From the Department of Health
The Department of Health (DOH) today reported that the Philippines is still Ebola-free but strictly urged any returning Filipino manifesting fever, headache, intense weakness, joint and muscle pains and sore throat to seek clearance with local health authorities from the country of employment before being allowed to embark in order to prevent the entry of Ebola virus in the country.
Secretary of Health Enrique Ona stressed that health authorities in the country is not letting its guard down on the possible entry of any emerging infectious disease (EID). He added that an interagency meeting was organized by the Office of Migrant Workers of the Department of Foreign Affairs (DFA) on June 30, 2014, to discuss the status of the overseas Filipinos in the three countries that are currently experiencing outbreaks of Ebola virus infection: Guinea, Sierra Leone, and Liberia.
Presently, in the countries where there are outbreaks of Ebola, overseas Filipino workers (OFWs) are coordinating with their recruitment agencies in assessing their risk from the disease. As the Department of Foreign Affairs (DFA) raised Alert Level Status 2 among the three affected countries, the deployment of OFWs with new contracts has been suspended. Proper coordination of Philippine labor officials (DOLE, POEA, OWWA) is now being undertaken with the DFA and the Bureau of Immigration (BI), for possible repatriation.
Once repatriated, the DOH through the Bureau of Quarantine (BoQ) will determine the status of returning Filipinos upon arrival and refer symptomatic cases to the appropriate health facilities for clinical care. Asymptomatic individuals will be closely monitored daily by the Health Emergency Management Staff (HEMS) of the DOH
So far, an initial 20 OFWs from Sierra Leone were repatriated by their recruitment agency back to the Philippines. The agency had informed OWWA of the dates of their arrival (from June 26 to July 15, 2014) and OWWA had subsequently informed the BOQ.
Close daily monitoring by DOH-HEMS of symptoms continues to take place among these OFWs. Regional health officials are on standby to facilitate the conduct and admission of possible suspected cases to the nearest DOH hospitals or medical centers.
Ebola is a severe, infectious, often fatal disease in humans and primates (monkeys, gorillas, and chimpanzees) caused by infection from the Ebola virus.
Ebola can be transmitted through close contact with: blood secretions, organs or other bodily fluids of infected animals, body fluids and stools of an infected person, through contaminated needles and soiled linen used by infected patients, or direct contact with the body a deceased person
Signs and symptoms of infection with Ebola virus include: fever, headache, intense weakness, joint and muscle pains, and sore throat; this is followed by vomiting, diarrhea, stomach pain, rash, impaired kidney and liver function, and in some cases, both internal and external bleeding; sometimes, rash, red eyes, hiccups, and bleeding from body openings may be seen in some patients.

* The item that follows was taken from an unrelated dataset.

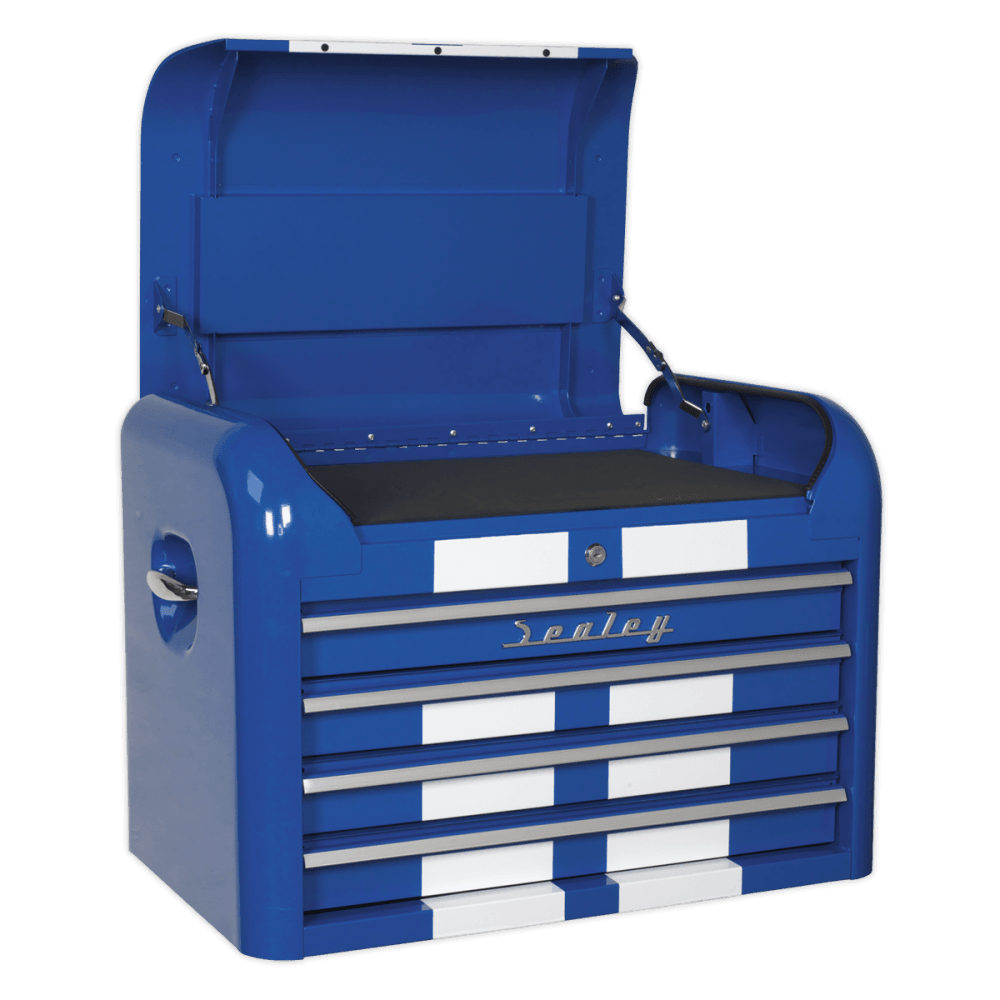 Sealey Topchest 4 Drawer Retro Style - Blue with White Stripe Model No-20336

The DOH advised suspected cases to be taken immediately to the nearest health facility for medical attention. Severe cases require intensive supportive care. At present, there is no specific treatment or vaccine yet available.
According to Ona, the most at risk to contract Ebola infection are health care workers and laboratory workers who may be exposed to secretions and specimens from infected individuals. Family members and those in close contact with those who are sick can also become infected.
Prevention measures include: 1) avoid close contact with infected patients; 2) avoid consumption of the raw meat of possible infected animals like fruit bats, monkeys or apes; 3) wear gloves and appropriate personal protective equipment when taking care of ill patients at home; 4) wash hands after visiting sick relatives in the hospital and after taking care of ill patients at home.
As of July 27, 2014, the total number of cases in the three affected West African countries had risen to 1201 with a reported 672 deaths. With the case fatality rate ranging from 52 to 75%, WHO has described the Ebola epidemic in West Africa as remaining “precarious” with continuous transmission of infections in both the community and among health facilities. A recent surge in the numbers of cases in Guinea have revealed that community transmission had gone undetected and that outbreak-containment measures needs to be scaled up particularly effective contact tracing.
Aside from the three affected countries of Guinea, Sierra Leone and Liberia, a lone case of a 40-year old Liberian male national, who was a naturalized American, was reported recently to WHO to have died in Lagos, Nigeria after traveling from Liberia. He had been asymptomatic upon arrival and had presented in a hospital with symptoms of the disease.